Pursuant to legislation, the California Energy Commission introduced a Power Content Label, sort of a nutritional label for electricity, to delineate power sources. Issued annually, it displays the mix of electricity purchased by a provider, primarily utilities, broken out by resource type, ranging from natural gas and coal to renewable sources, such as solar and wind.
The problem is the Power Content Label provides too little information about the fuels powering the grid and no information at all about what fuels are being used at any given time. This leaves electric power providers less than fully accountable for the power purchase and delivery decisions they make.
Although customer choice of retail providers is now quite limited, the current label fails to help customers who do have a choice to make well-informed decisions, and it fails to properly reveal the greenhouse gas implications of their power use decisions. Further, it does not delineate the times at which various sources are being used to power the grid, an increasingly important detail as regulators make decisions about when to encourage people to use power for such purposes as charging electric vehicles.
Knowing Your Power: Improving the Reporting of Electric Power Fuel Content in California
This report provides the history of the Power Content Label, explains the problems with the existing approach, analyzes reasons for current limitations and offers suggestions for improving the process.
An “unspecified” problem
Electricity retailers are allowed to characterize a portion of their power as coming from “unspecified” sources. Statewide, that represents more than 14 percent of the delivered electricity; and for Southern California Edison, unspecified power has exceeded 40 percent. Power in this category is not just any electric generation – the unspecified category is dominated by imported power that likely includes output from the dirtiest generators serving California markets.
In addition, the law only requires retail providers to tell their customers about annual average usage of each fuel type – not by hour, or even by season. Perhaps equally important, the Energy Commission does not perform an audit to ensure the accuracy of the information it is providing.

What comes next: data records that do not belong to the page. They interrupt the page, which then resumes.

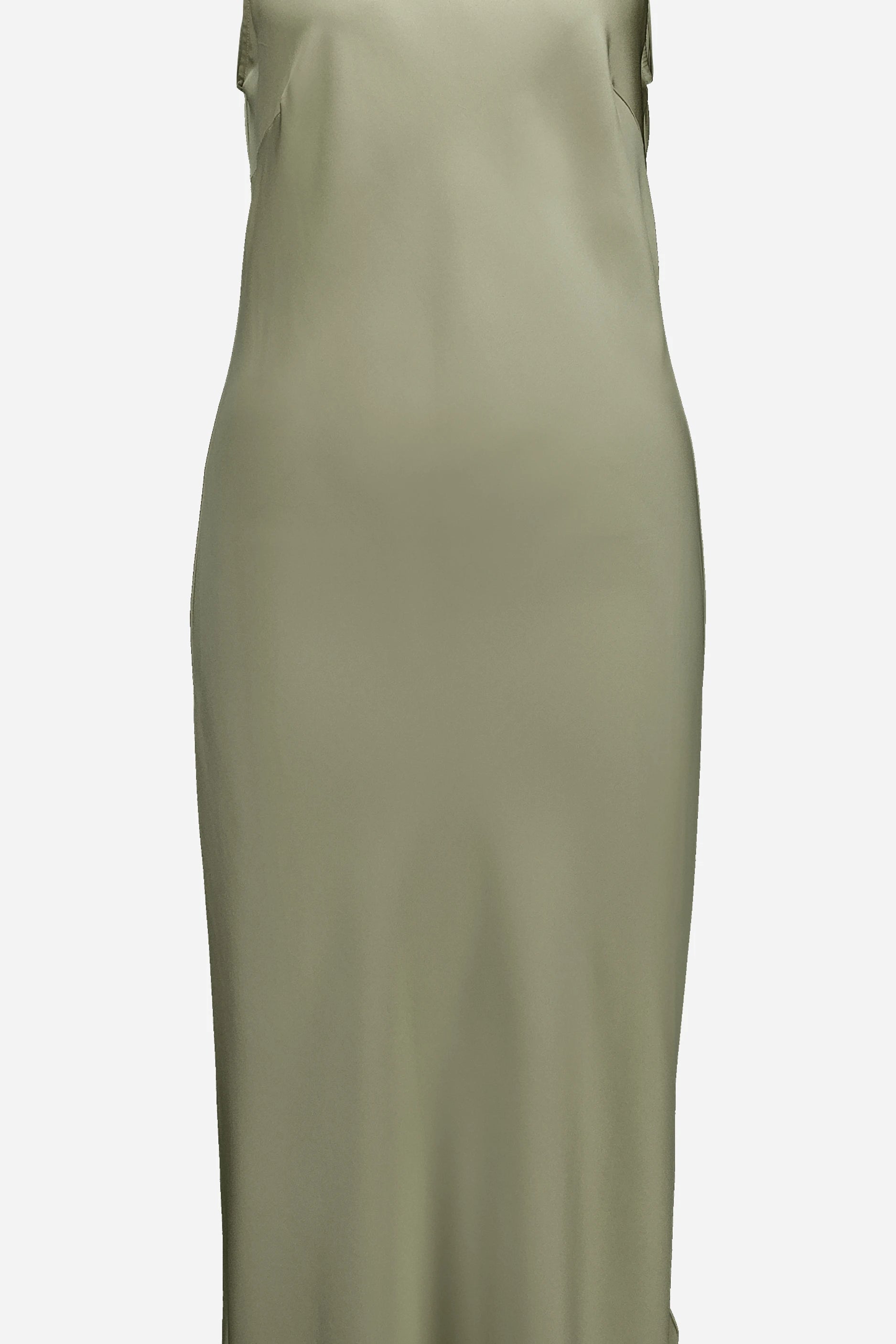 265-84003-30-S_4 - Allude - 7% Elastan 93% Silk Active Damen Fall/Winter 2026/2027 Grün Kleid NEW SAPG::265-84003 Seide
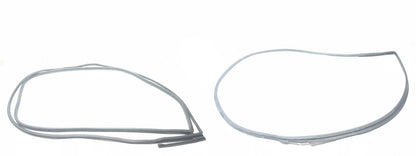 2012 Honda Cr-z Front Door Weatherstrip Seal Left & Right  3 Pcs OEM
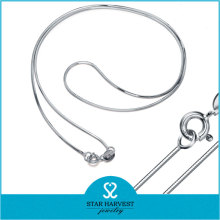 High finished 925 sterling silver snake chain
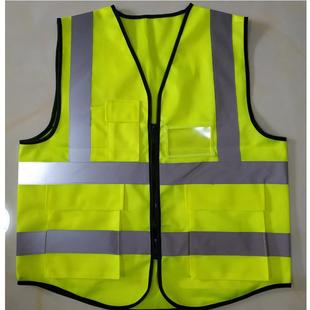 正品 中国建筑施工绿化网眼透定气印反光背马甲安心全防护衣制logo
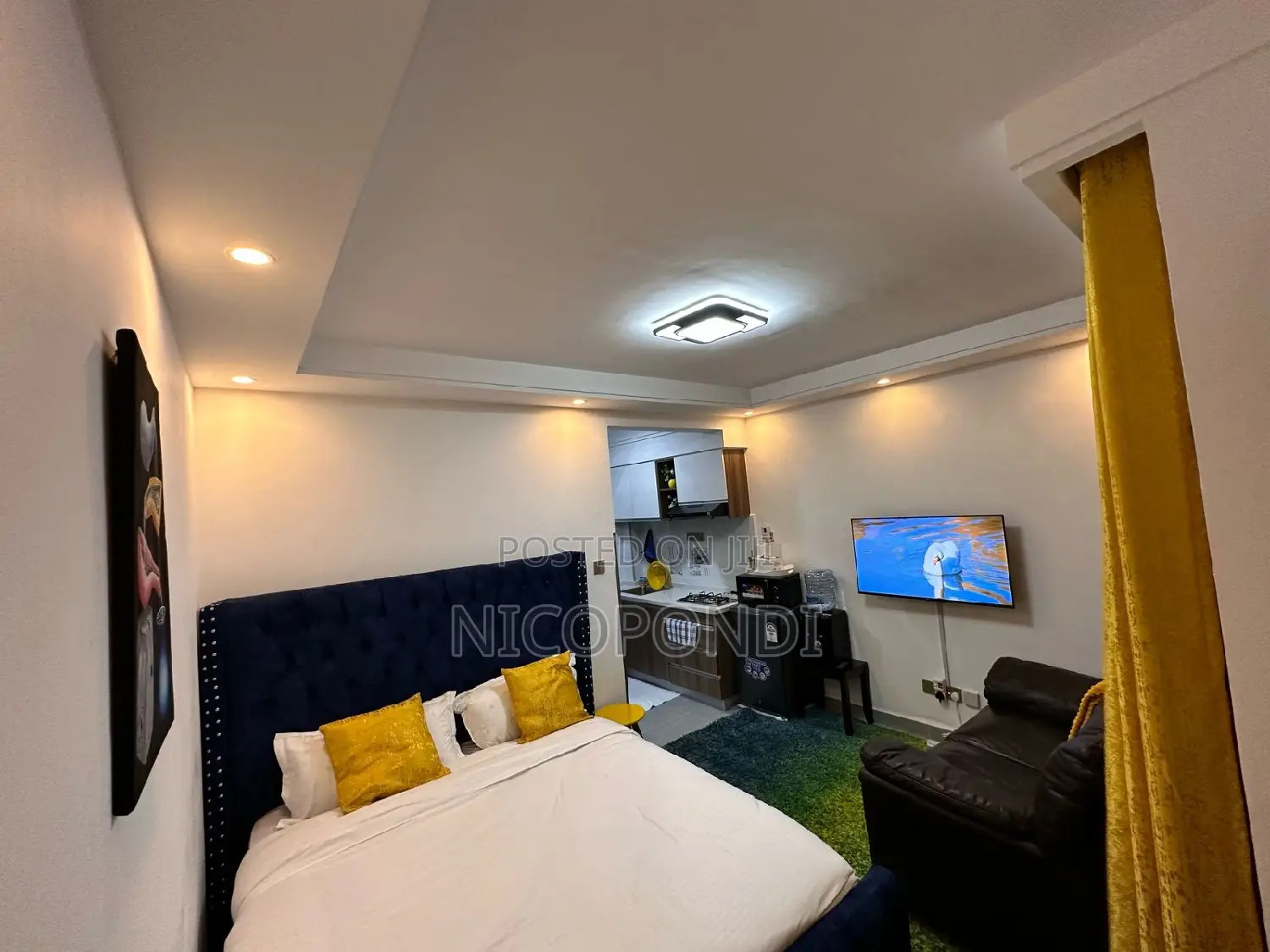 Furnished Studio Apartment for Rent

Arguably, retailers don’t want to be required to account for all their power purchase decisions, dirtier out-of-state generators don’t want to identify themselves as it could lead to lower sales and none of the market participants, including the California Independent System Operator, want to take on the added work of creating accurate, detailed accounting for each transaction. Further, retailers have successfully argued that any disaggregation of the annual fuel averages by season, month or day would enable generators to gain a business advantage by allowing them to infer the marketing strategies of competitors.
Improving reporting
How could policymakers and stakeholders improve the Power Content Label reporting process and help achieve California’s ambitious decarbonization goals? It would require designing an emissions accounting framework that incorporates more accurate power source disclosure, reduces unspecified power as much as possible and breaks down usage by hour. This would provide information that is more complete and reliable.

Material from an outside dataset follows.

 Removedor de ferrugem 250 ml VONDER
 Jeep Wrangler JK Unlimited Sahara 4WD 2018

California power customers deserve to know what they are buying whether the electricity source is clean or dirty, so that they can evaluate the climatological consequences resulting from the release of air pollution emanating from some types of power plants.

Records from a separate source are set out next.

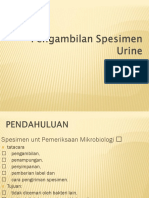 MK Pengambilan Spesimen Urin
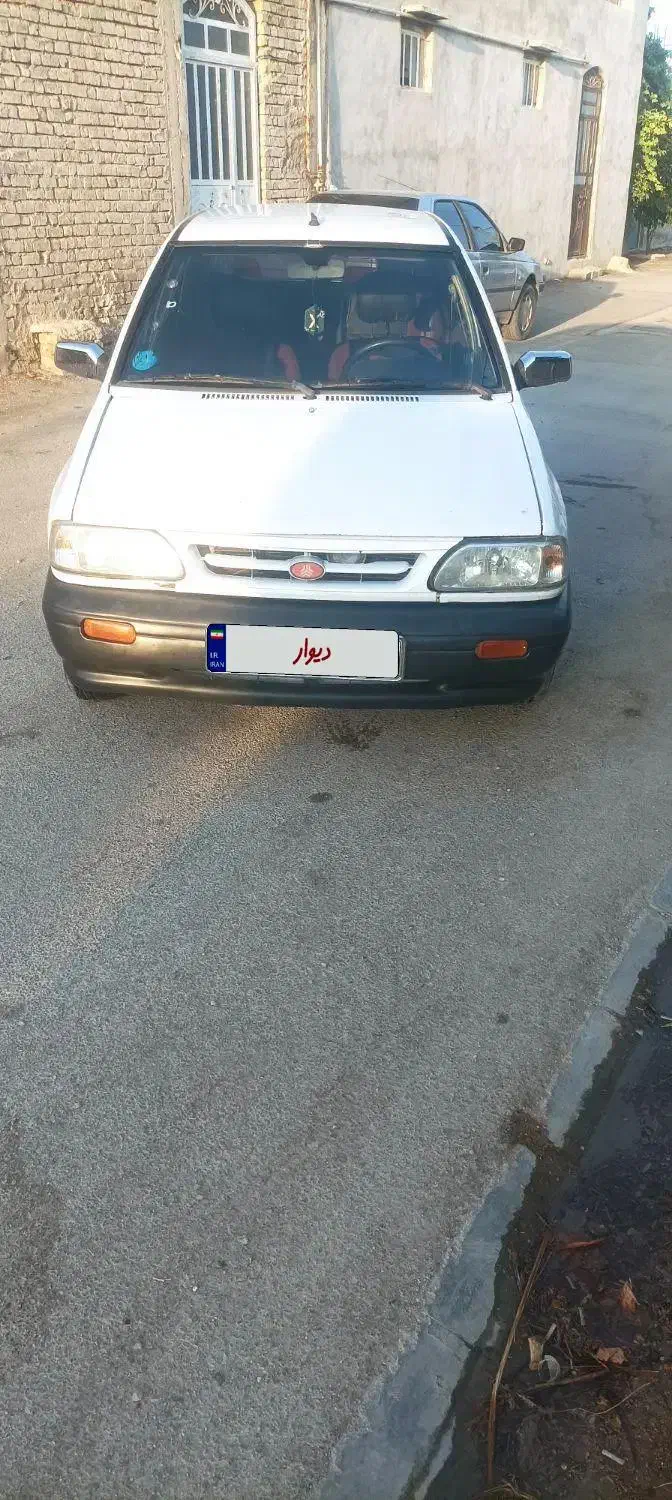 پراید صبا بنزینی - 1388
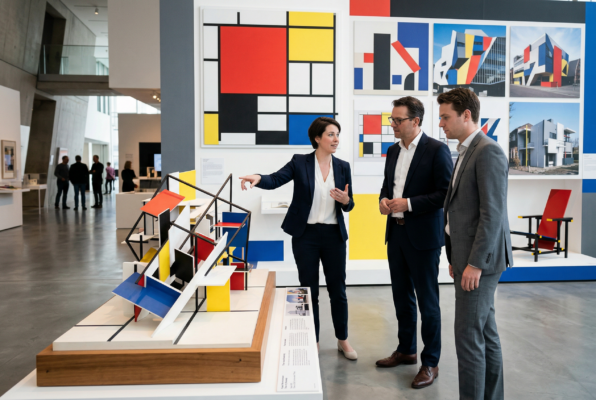 De Stijl und sein Erbe – Georgia Vertes erklärt die Bewegung, die Design und Kunst neu definierte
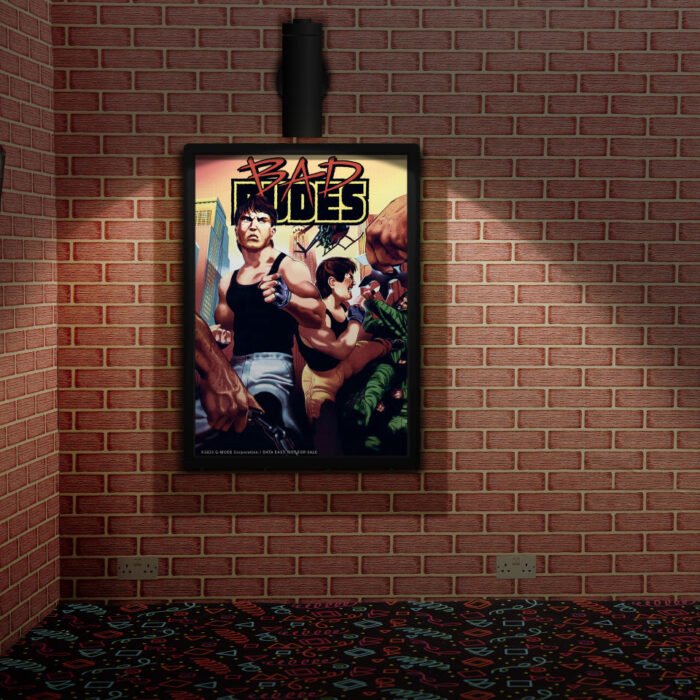 Official Data East: Bad Dudes Vs. Dragon Ninja Quarter Arcade Collector Edition - Image 9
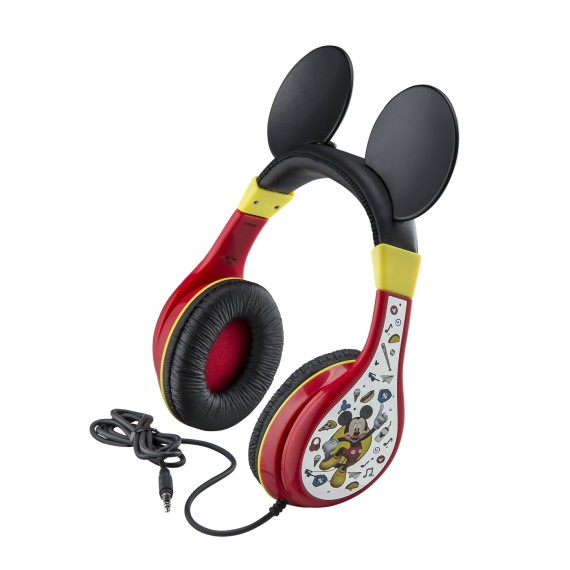 eKids: Mickey Mouse - Ενσύρματα Ακουστικά με ασφαλή μέγιστη ένταση ήχου για παιδιά και εφήβους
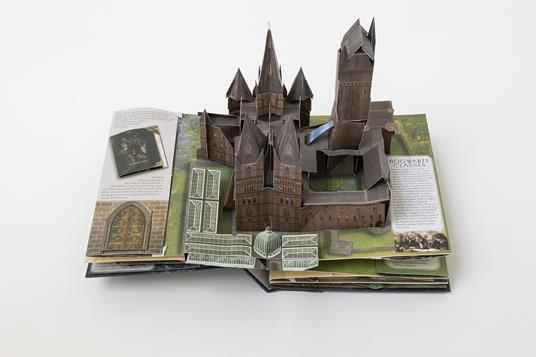 Harry Potter: A Pop-Up Guide to Hogwarts - Libro in lingua inglese -  Insight Editions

The fuel choices made by load-serving entities have consequences. Those companies should not be able to deflect responsibility for such consequences by claiming that they cannot know what emissions they are enabling. Would consumers want to buy a food product if the label stated that 14 percent of the contents was unspecified?
Next steps to take
Fortunately, we can get closer to the truth about fuel choices. It requires action on the part of retail providers, power marketers and the operators of organized markets. In addition, it requires resolve and tenacity on the part of regulators. The California Energy Commission and California Public Utilities Commission can clarify the power content mix and require the utilities to account for the origins of all the power that they schedule onto the grid.
As the role of electricity in reducing greenhouse gas emissions becomes greater, the ability to fully understand the consequences of power choices and to hold retailers accountable becomes even more critical.